*** Input material

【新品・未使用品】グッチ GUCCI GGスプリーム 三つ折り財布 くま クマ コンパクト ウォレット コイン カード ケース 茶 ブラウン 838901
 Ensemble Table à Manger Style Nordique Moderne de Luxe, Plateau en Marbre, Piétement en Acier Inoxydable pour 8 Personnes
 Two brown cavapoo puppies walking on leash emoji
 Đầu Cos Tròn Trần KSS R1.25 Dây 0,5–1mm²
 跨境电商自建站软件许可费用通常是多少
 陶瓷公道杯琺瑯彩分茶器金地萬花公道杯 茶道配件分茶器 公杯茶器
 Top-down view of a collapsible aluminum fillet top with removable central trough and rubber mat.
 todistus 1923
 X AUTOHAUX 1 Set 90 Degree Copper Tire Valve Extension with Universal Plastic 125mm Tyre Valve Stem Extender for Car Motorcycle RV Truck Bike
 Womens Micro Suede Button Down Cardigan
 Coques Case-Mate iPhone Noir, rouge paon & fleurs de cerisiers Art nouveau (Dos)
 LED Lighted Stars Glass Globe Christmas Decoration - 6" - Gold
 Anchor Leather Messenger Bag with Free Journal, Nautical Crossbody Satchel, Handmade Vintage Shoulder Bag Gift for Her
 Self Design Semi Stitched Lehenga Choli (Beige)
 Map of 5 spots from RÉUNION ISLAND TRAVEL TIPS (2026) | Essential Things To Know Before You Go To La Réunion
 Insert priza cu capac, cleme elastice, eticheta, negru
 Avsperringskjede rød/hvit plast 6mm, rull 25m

******

Task instructions:
Write out exactly those lines of the records above that lie from the one with "Insert priza cu" through the last line, including both.

Reply:
 Insert priza cu capac, cleme elastice, eticheta, negru
 Avsperringskjede rød/hvit plast 6mm, rull 25m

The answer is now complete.